This week, the Reserve Bank will convene to determine whether to raise, decrease, or sustain interest rates.
Market predictions indicate an upcoming increase.
Considering the escalating fuel prices linked to the ongoing conflict in the Middle East, will the Reserve Bank apply additional strain on mortgage borrowers? If they decide to, what would the rationale be?
Should the monetary policy committee of the Reserve Bank take the data into account, it will not increase rates. Nevertheless, this does not eliminate the ongoing pressure on the central bank to address inflation concerns.
Inflation was already rising prior to the US and Israel’s actions against Iran. This uptick was due to temporary factors such as travel and accommodation costs.

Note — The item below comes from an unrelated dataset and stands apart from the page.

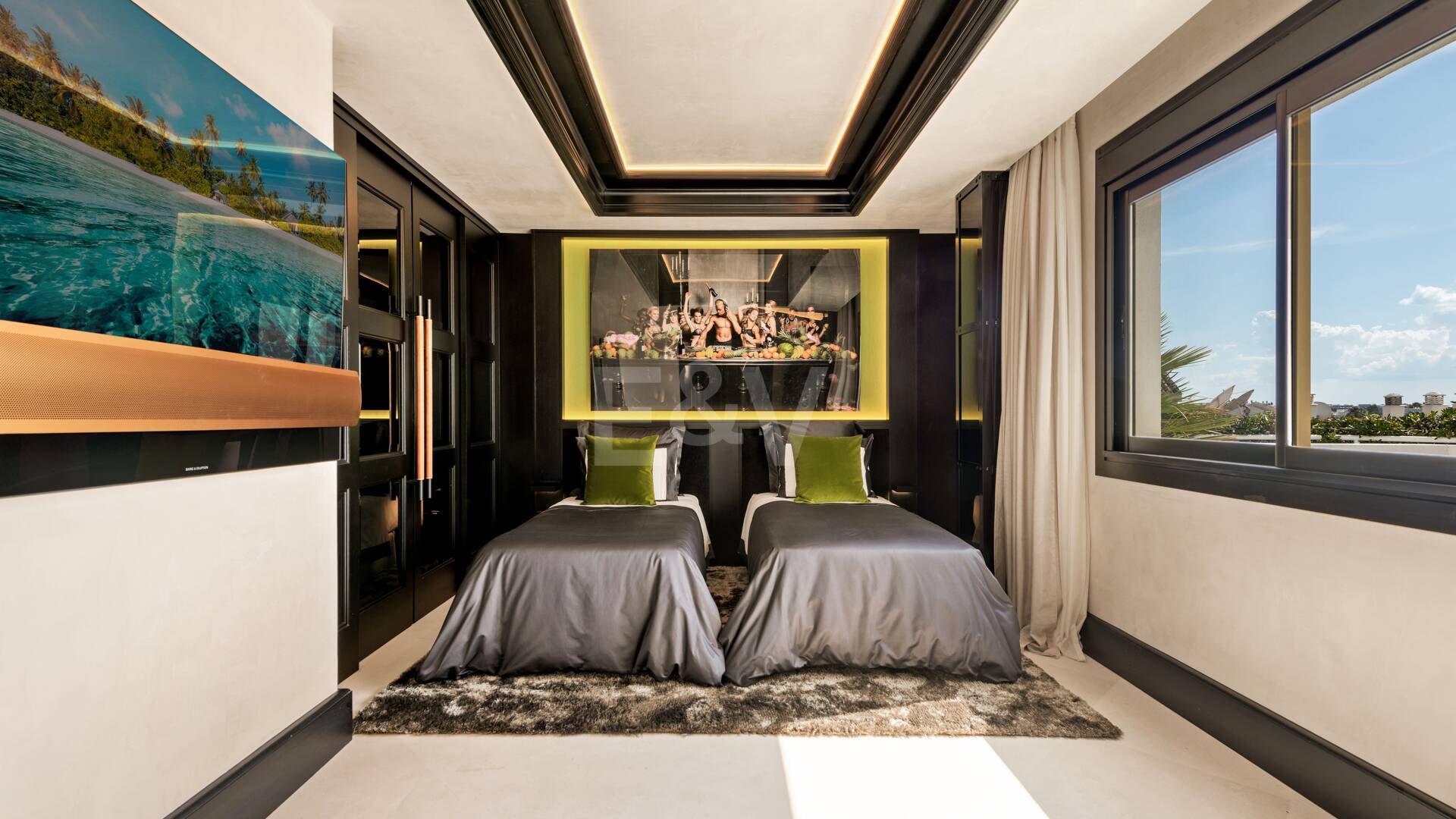 Singular ático en primera línea de playa en la exclusiva Milla de Oro de Marbella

In many respects, the rising prices of oil and gas are already achieving the same effect as a rate increase—limiting the spending capabilities of Australians. Additionally, since most of our fuel is imported, the resulting funds and profits are directed overseas. This decline in demand will serve to mitigate inflation that was present before the invasion.

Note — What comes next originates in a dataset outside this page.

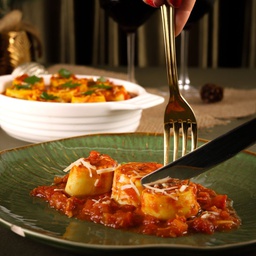 [56441] RONDELLI DE NOZES COM MOLHO BRANCO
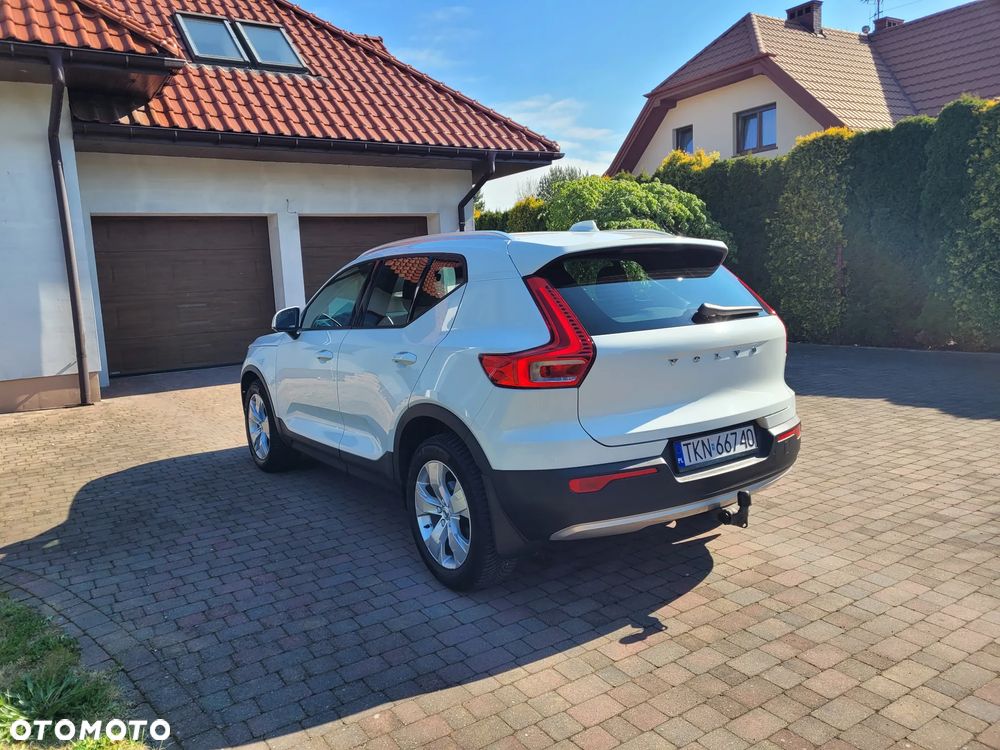 Volvo XC 40 T2 Momentum - 5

In a sense, soaring fuel costs relieve the Reserve Bank from the need to raise rates in their upcoming meeting.
However, some individuals contend that the escalating prices of oil and gas will permeate into the broader economy, driving up costs and inflation… and despite the added burden on households, the Reserve Bank should raise rates as a precaution against even greater inflation.
Are they correct?
No, because this type of inflation is unaffected by interest rates.
The surge in oil and gas prices is a supply shock. This is a singular price increase triggered by an isolated event—war—and the generally accepted response to supply shocks is to refrain from action and observe as they influence the economy.
In this case, it is unnecessary to increase interest rates since inflation will largely self-correct.
Skeptical? Here is former RBA governor Philip Lowe articulating this point:
Regarding monetary policy and supply shocks, very little can be done by monetary policy to mitigate the effects of supply disruptions. Occasionally, you may wish to react to the heightened inflation stemming from a supply shock to prevent inflation expectations from escalating and becoming entrenched. However, if that doesn’t occur, you can allow the supply disruptions to work through the economy.
Raising interest rates serves to influence demand. When everyone faces higher mortgage payments, they have reduced disposable income for other purchases. A drop in demand means that businesses are less able to raise their prices.
Conversely, a supply shock affects supply, not demand.
Gas prices are increasing due to diminished supply from the Middle East. How could raising interest rates possibly lower gas prices? They cannot.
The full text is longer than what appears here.